And, as a superhuman, it is impossible for a mere mortal such as Mr. Pressfield to write about Alcibiades directly with any hope of success.

So Mr. Pressfield writes about him and the war itself in the most indirect way imaginable: as the reminiscences of Jason, the son of Alexices about the simultaneous trials of Socrates, who was both Alcibiades teacher and friend, and Polemides, the one-time captain of Alcibiades’ bodyguard and the man who eventually killed him. Jason, as Polemides’ lawyer and Socrates’ student as well as being a veteran of the war and a survivor of the even more murderous political frenzies that plagued Athens throughout the war and its aftermath is the perfect narrator. Jason’s conversations with Polemides and Socrates, together with his own terse memories serve to illuminate the war and Alcibiades’ part in it to perfection. One particularly interesting point is made: Socrates is on trial for his life largely because Alcibiades was his student and many feared that he could produce another Alcibiades; Polemides is on trial for his life because he killed Alcibiades and thus removed the greatest Athenian of his generation from the world. As Socrates pointed out in the book, logically if one defendant was convicted, the other must be acquitted. Logic, however, had very little to do with Athens and its politics at this time.

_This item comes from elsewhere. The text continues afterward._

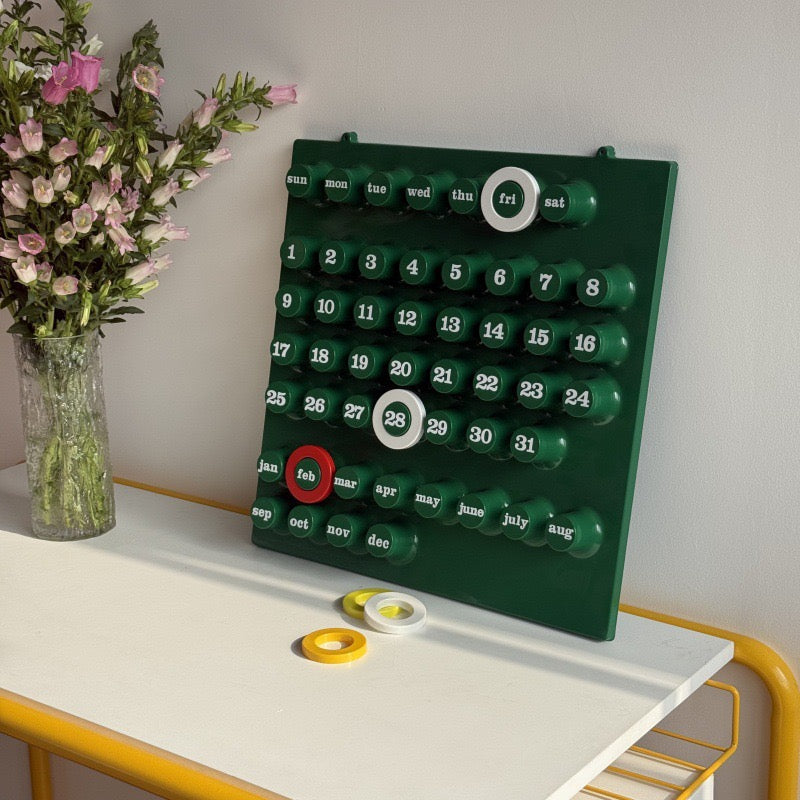 Retro Vintage Manual ring Perpetual Calendar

One may well ask just how interesting a novel about events in 399 BC depicting people who wear sheets, fight with swords and spears and who talk about events two or three levels removed from the framing narration?

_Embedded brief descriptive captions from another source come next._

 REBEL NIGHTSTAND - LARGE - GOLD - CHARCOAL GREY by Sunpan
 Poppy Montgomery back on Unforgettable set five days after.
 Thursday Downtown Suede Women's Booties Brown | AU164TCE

The answer is – it is very interesting indeed.

Admittedly, this book starts very slowly. It took me ten to twenty pages to really get into the story, and to understand what was going on. Once I did, I found this to be Mr. Pressfield’s finest book to date. In addition to being a fascinating story about an extremely obscure but pivotal episode in Classical history, I believe it to be a cautionary parable about the excesses of a democracy that turns to a path of conquest and imperialism. In many ways, Athens used the very principles that made it great to destroy itself.

Or, as Lysander of Sparta says in this book: “Democracy devours its young”.